Ese es el poder que tiene el Porsche Cayman S 2006, el modelo más nuevo de la legendaria casa de Stuttgart, que debutó apenas en enero pasado y ya se ha convertido en uno de los autos de más éxito en todo el mundo.
Todos los modelos Porsche poseen esa magia tan especial, pero el Cayman S 2006, tiene la cualidad única de ser un deportivo que además le permite hacer realidad el sueño de poseerlo a la mayoría de los mortales.
Obligados a compararlos, el Cayman S es un Porsche de más kilates que simplemente un Boxster con techo rígido, por su excepcional manejo en cualquier condición, el calibre de las revoluciones con potencia exacta para sus dimensiones, la suspensión ideal para tomar las curvas con confianza y la tecnología alemana más avanzada.
Independientemente de su diseño de curvas sensuales que no niega su estirpe de súper deportivo, lo mejor del nuevo biplaza de la Porsche es su motor bóxer de seis cilindros con 3,4 litros de capacidad y 295 caballos de fuerza a 6,250 revoluciones por minuto que le permiten acelerar de 0 a 60 millas por hora en apenas 5.4 segundos y alcanzar velocidad máxima de 170 millas por hora (275 kilómetros por hora).
Sin duda estamos frente a una verdadera joya alemana, que en apenas unos meses se ha convertido en el máximo orgullo de la casa.
Resulta muy difícil encontrarle un defecto al Cayman S, simplemente porque los ingenieros de la Porsche han logrado un balance perfecto entre la potencia, el diseño y el desempeño.
Sin embargo, los puristas de la marca creen que este modelo está demasiado cerca del 911 y muy lejos del Boxster original.
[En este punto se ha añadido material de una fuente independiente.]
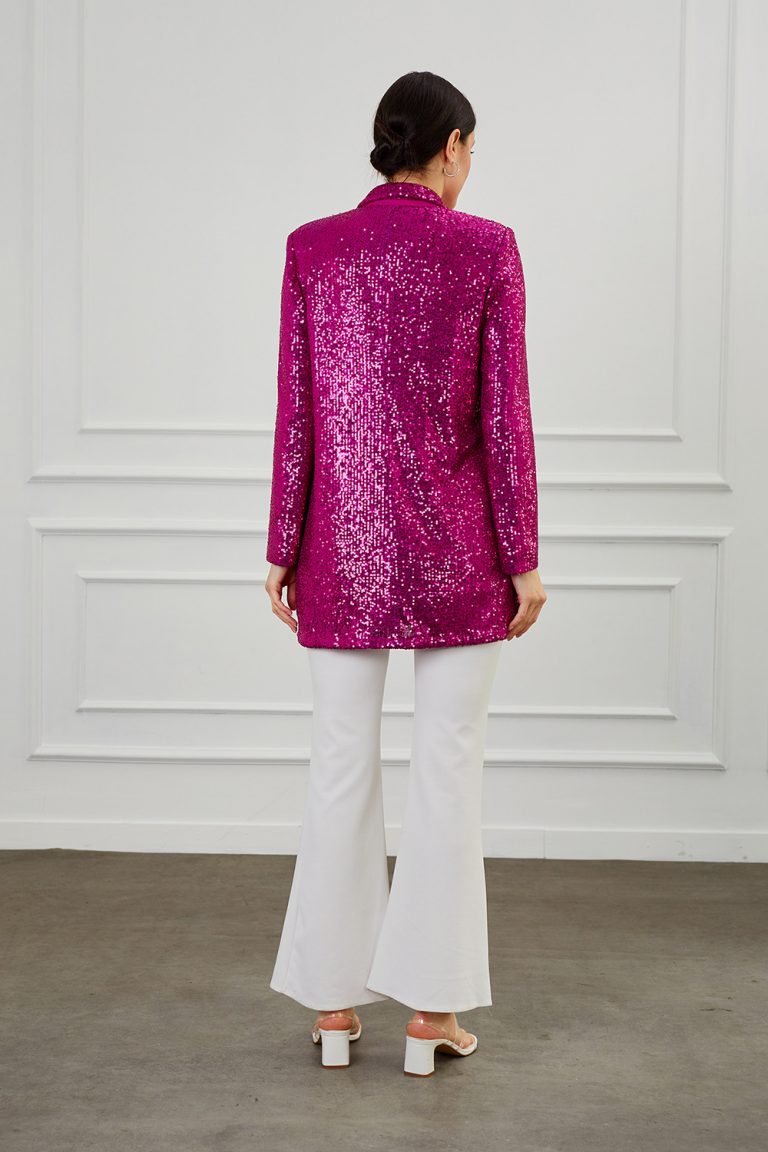Mizalle Full Payet İşli Düğmesiz Fuşya Pembe Abiye Ceket - Mizalle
La realidad es que la Porsche no lo diseño ni como una cosa ni como la otra, sino como una alternativa más a su línea de modelos para atraer a un nuevo segmento de posibles compradores. El resultado no podría ser mejor.
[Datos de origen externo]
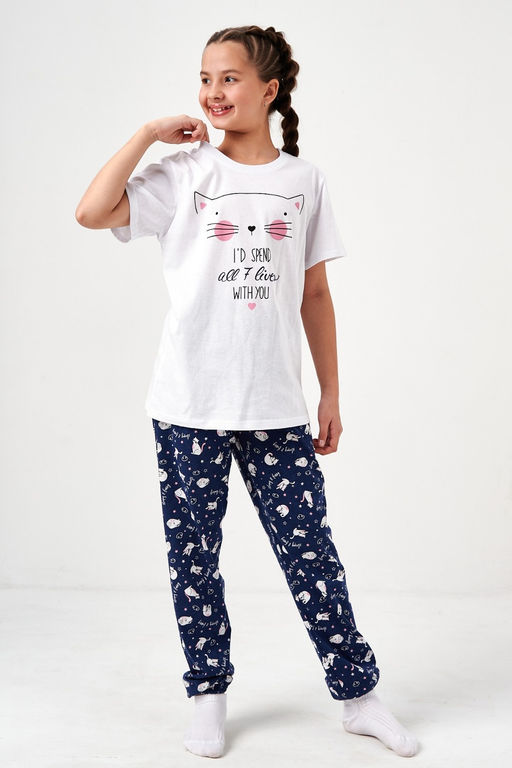 Пижама Кисонька короткий рукав с брюками детская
Definitivamente sí. Y sobre todo tomando en cuenta que el precio de este súper deportivo empieza en alrededor de los $58 mil.
Ahora, no se puede dejar de decir que con todas las opciones que lo convierten en un auto deportivo y uno de lujo a la vez, el precio se eleva hasta llegar a cerca de los $70 mil.
Pero una vez más, hay que recordar que se trata de un verdadero Porsche, que se deja conducir como un súper deportivo y que además lleva por dentro todo el lujo, comodidad y tecnología que se puede esperar de un auto de la máxima calidad alemana. Sin duda, un auto perfecto.